Walt argues his position on both ontological grounds (the fly shouldn't be there, thus "contamination" is accurate word use) and on the grounds that the purity of their meth is at stake. Jesse looks at the swatter and asks if it's Walt's "fly sabre." Heh. Nice. He also spots the band-aid on Walt's dome and asks if he hit his head very hard? Or perhaps sampled their product? Something to explain how crazypants he's acting right now? Walt starts to explain that in a "highly controlled environment" such as theirs, any contamination has the potential to... something-something. He trails off because the fly is in his sights. Jesse's like, "Seriously, but did you sleep? AT ALL? Because..."
A timer goes off on one of the vats of... meth juice or whatever. Walt says they're running out of time so "let's get started; the sooner we do it, the sooner we're done." Jesse's like, "Awesome!" and goes to get a bag of whatever to dump into the vat of stuff. (Oh, I know how to make meth. I am just being a responsible citizen by not telling you how it's done.) Anyway, Walt's like, "What do you think you're doing? THERE'S A FLY." Jesse looks at Walt like he's got 3.5 heads and tries to appeal to his meticulous nature, saying the timer went off, so it's time to make the donuts. Walt says the batch will be worthless unless they take care of "the contaminant." By the way, I hope you all are making the appropriate connections about contaminants and spoiling the whole batch with all the Jane remembrances we've been having this week.
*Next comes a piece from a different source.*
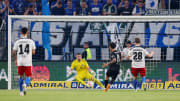 Die vorentscheidende Szene: Millot mit dem Ausgleich für den VfB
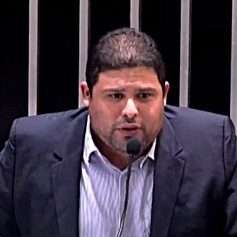 Marcus quer financiamento de R$ 6,7 milhões e Renato dispara: ‘galpão de ouro’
Come on, I can't do all the work for you. So they go back and forth on the subject for a while, until Jesse gives in and agrees to hunt for the damned fly already.
Or at least Jesse agrees to mill around while Walt hunts the fly. He does make a very good point in saying that they're cooking METH, which at its best is still a poison manufactured for burnouts who care about quality perhaps less than anybody else on the planet. But if you've been watching the show, you know how fiercely Walt holds on to the "pride of product" thing as one of his primary rationalizations, so that argument isn't going to hold much weight. So while Walt hunts, Jesse babbles about rat turds in hot dogs or whatever, while trying to surreptitiously mix some whatevers into the meth-y brew. I love the idea that Jesse is trying to work on the sly. Jesse bends down to pick up a bag, and when he gets back up, Walt's there, with his swatter weapon. This is all being presented like a horror movie, with Walt and his fly-swatter made of tape standing in for Jason Voorhees or whatever. He slams his hand down on the vat and proclaims there will be no cooking. "That's an order." Jesse reminds him they're 50-50 partners. Walt's retort to that is to WHAP him on the arm a couple times with the swatter. Which sounds a lot more powerful than I gave it credit for. Jesse jumps back and wails about his arm, but Walt alerts him to a more pressing matter: the fly has landed on Walt's forehead. Walt stands completely still, and you know what's coming. Even if this episode weren't already surrealistically comedic, this would be coming. Jesse gets his free shot at Walt, at Walt's own request. He takes the swatter from Walt, lights up like a Christmas tree and pledges to "make it count," then whales the holy hell out of Walt's head. Did he get the fly? Does it matter? Probably not to Jesse. Walt starts looking on the ground for a corpse, as Jesse is exasperated anew that it's still not over. He points to a dark speck on the floor under a table, but that turns out to be a raisin. Don't they all? Jesse says he "definitely got it," but he's soon distracted by Walt's buzzing nemesis. Jesse marvels in half-serious appreciation. "It's got some serious skills, yo."